About this exercise:
Set down every entry word for word. Omit the pictures.

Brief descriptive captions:
'''
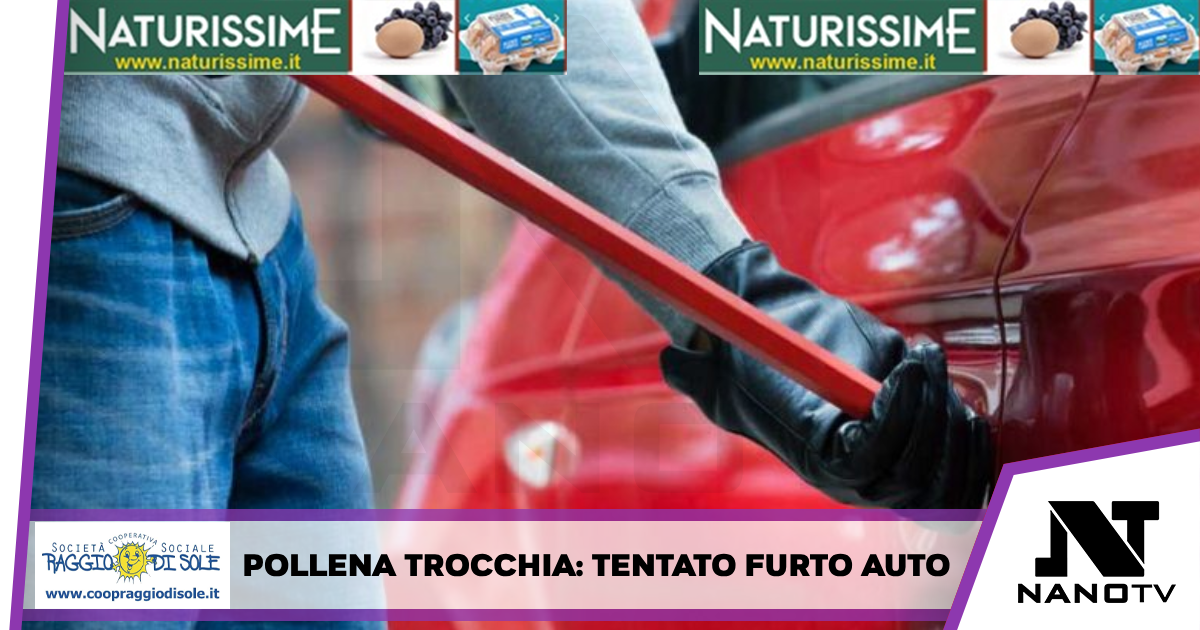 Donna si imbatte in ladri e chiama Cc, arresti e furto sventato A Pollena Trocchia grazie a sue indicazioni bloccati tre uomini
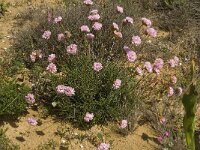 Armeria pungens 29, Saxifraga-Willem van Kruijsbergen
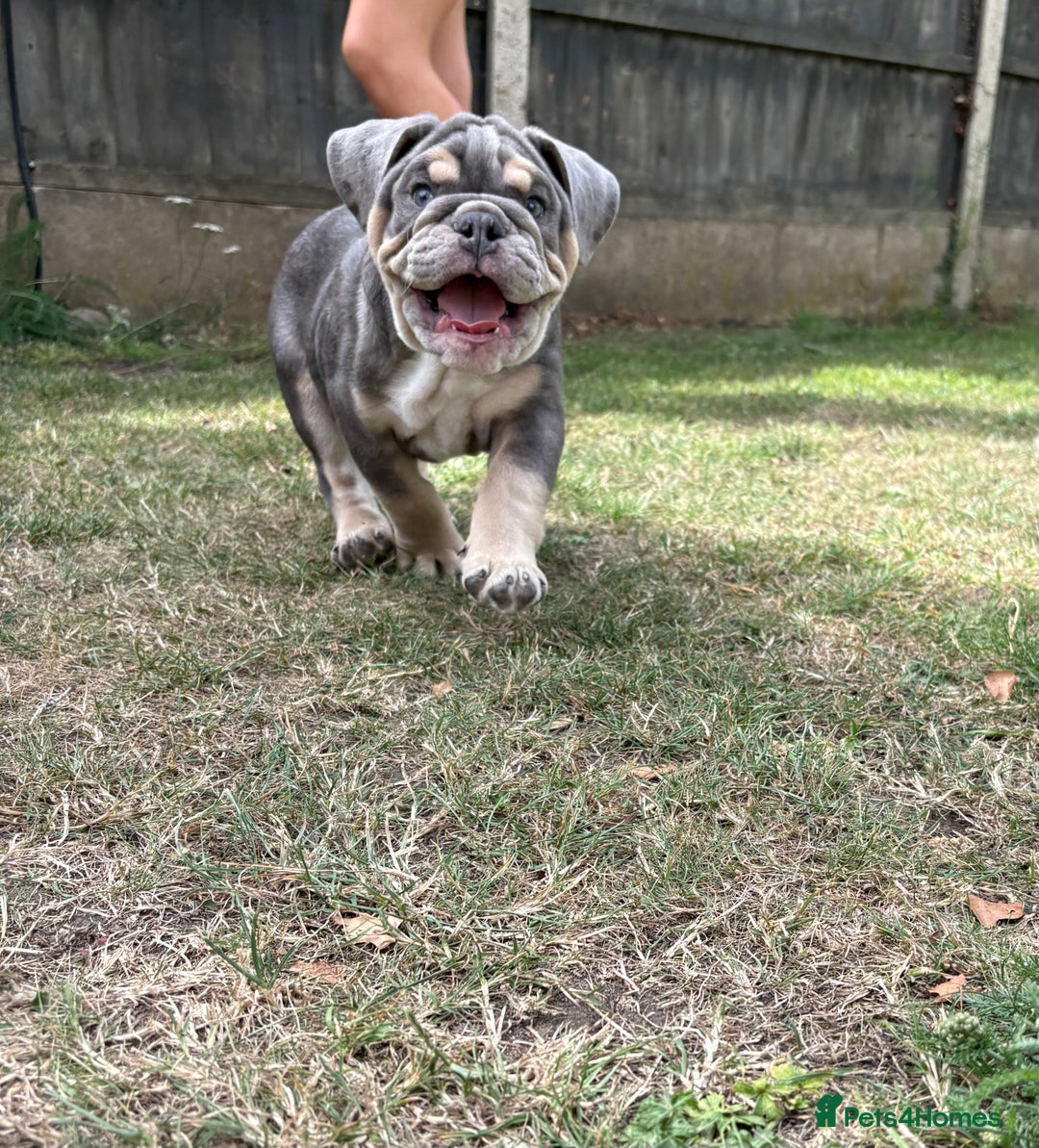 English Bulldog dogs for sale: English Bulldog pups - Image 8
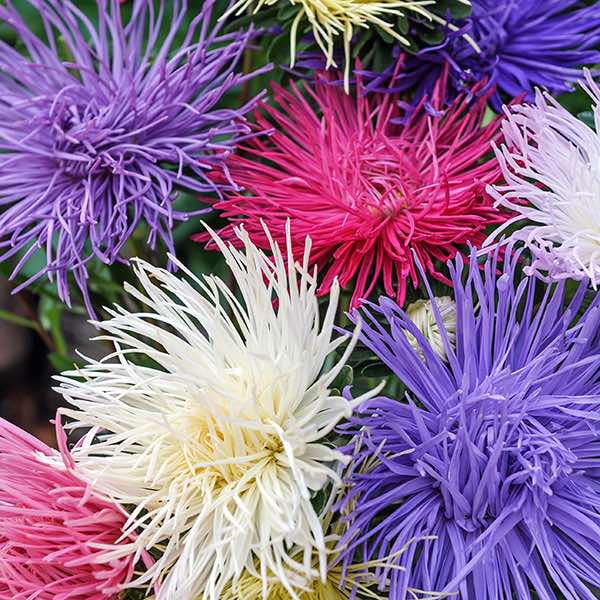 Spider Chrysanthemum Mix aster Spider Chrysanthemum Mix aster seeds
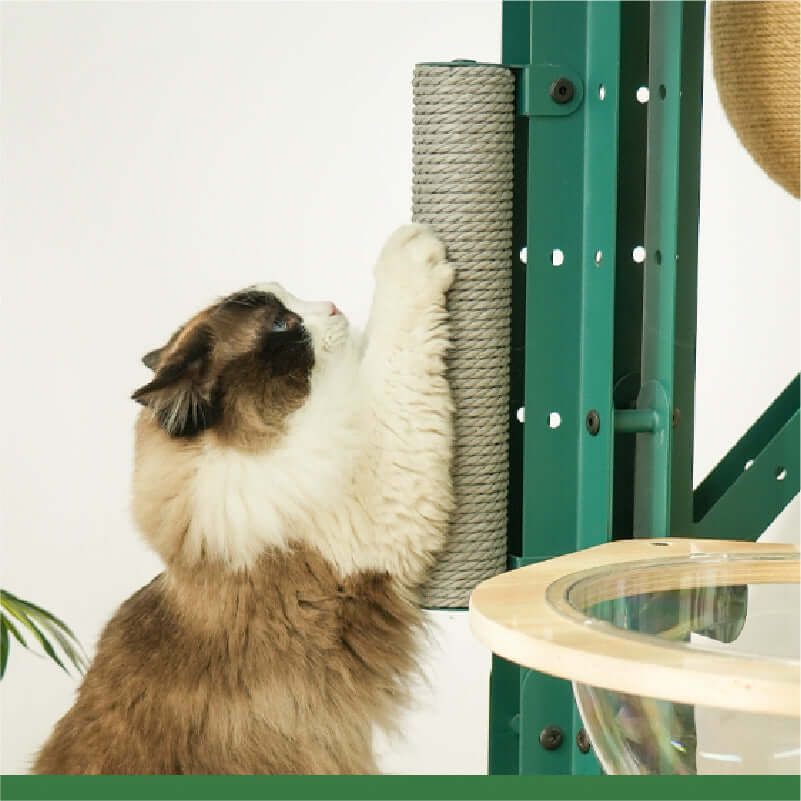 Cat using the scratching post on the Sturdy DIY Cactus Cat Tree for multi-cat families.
'''
Response box:
 Donna si imbatte in ladri e chiama Cc, arresti e furto sventato A Pollena Trocchia grazie a sue indicazioni bloccati tre uomini
 Armeria pungens 29, Saxifraga-Willem van Kruijsbergen
 English Bulldog dogs for sale: English Bulldog pups - Image 8
 Spider Chrysanthemum Mix aster Spider Chrysanthemum Mix aster seeds
 Cat using the scratching post on the Sturdy DIY Cactus Cat Tree for multi-cat families.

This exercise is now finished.